На кухне судачили: помрет, мол, парнишка, почитай, кровью истек! Ан нет, оклемался Яцек. Не истек кровью, не умер, выздоровел – однако переменился разительно, словно подменили его! Притих, сделался кроток, почтителен, с охотою взялся за учебу, особенно за книжки духовного содержания, и весь его облик – тихий, благостный, со склоненной головою и потупленными очами – выражал одно: радостное смирение. Самую большую страсть его теперь составляли птицы. Он держал их в своей комнатушке: канареек, соловьев, скворцов – учил разным напевам под органчик или дудочку, или сам насвистывал им песенки. Птицы у Яцека почему-то долго не жили: то одну, то другую находили лежавшей в клетке лапками вверх. Конечно, следовало бы воспретить ему губить Божьих тварей, да ни у кого, прежде всего у князя, который втайне стыдился той вспышки ярости, язык не поворачивался, и рука не поднималась лишить несчастного его забавы. Почему несчастного? Да потому, что через год ли, другой после случившегося заметен стал у Яцека горбик, который потом обратился в довольно большой, уродливый горб. По углам прислуга шепталась: мол, барин набил мальчонке горб, иначе откуда бы ему взяться? И только старший повар Федор Иванович, подвыпив, во всеуслышание заявлял: «Вы думаете, с чего Яцька вдруг переделался? По добру или по уму? Да ничуть же не бывало! Это злоба его в горб свернулась – лежит, ждет своего часа! Надо ж ей было куда-то деваться до поры до времени!»
А потом случилась беда. Княгиня Ангелина Дмитриевна, очень хотевшая ребенка, наконец забеременела. Все в доме, и в первую очередь Юленька, которой тогда было лет шестнадцать, не знали покоя, ожидая радостного события. Но однажды княгиня, спускаясь с лестницы, увидела на ступеньке тень Яцекова горба – оступилась со страху, съехала с лестницы… и, понятно, скинула. Никого тут никто не винил, что бы там ни бурчал на кухне повар Федор Иванович, однако же Богуслава сама попросила князя отпустить ее от дел, позволить жить не в господском доме. Яцек пристроился на работу недалеко, в костеле: двор подметать, храм в чистоте содержать. Юлия встречалась с ним часто, но всегда с тщательно скрываемым испугом, раз от разу примечая, что горб Яцека становится все уродливее и громаднее.
Вот и сейчас – она невольно вздрогнула, когда дверь начала приотворяться и жаркие глаза заглянули в комнату.
– Спите, панна Юлька? – прошелестел шепоток.
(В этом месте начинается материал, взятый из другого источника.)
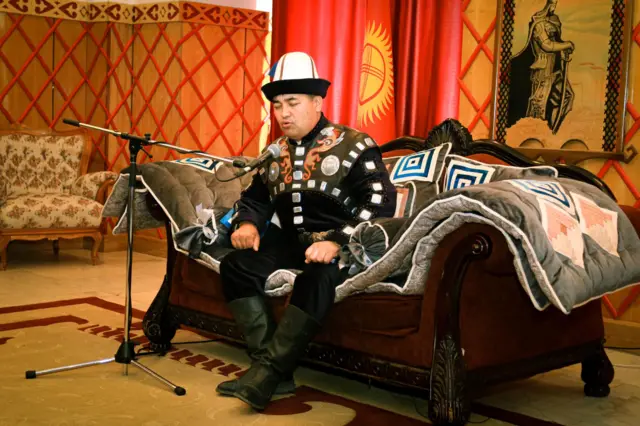 Дөөлөт Сыдыков 5 күн, 5 түн манас айтат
И она отозвалась:
– Доброе утро, Яцек! Нет, я давно встала. Что там на улицах?
– Да так, тихо все. – Яцек вошел, зябко потирая руки. – Ишь как здесь тепло, а на дворе подмораживает. Я поутру затопил печку-то, дрова уронил, думал – разбудил вас, ан нет: глянул в щелочку – вы спите как убитая. Ну я и пошел в костел…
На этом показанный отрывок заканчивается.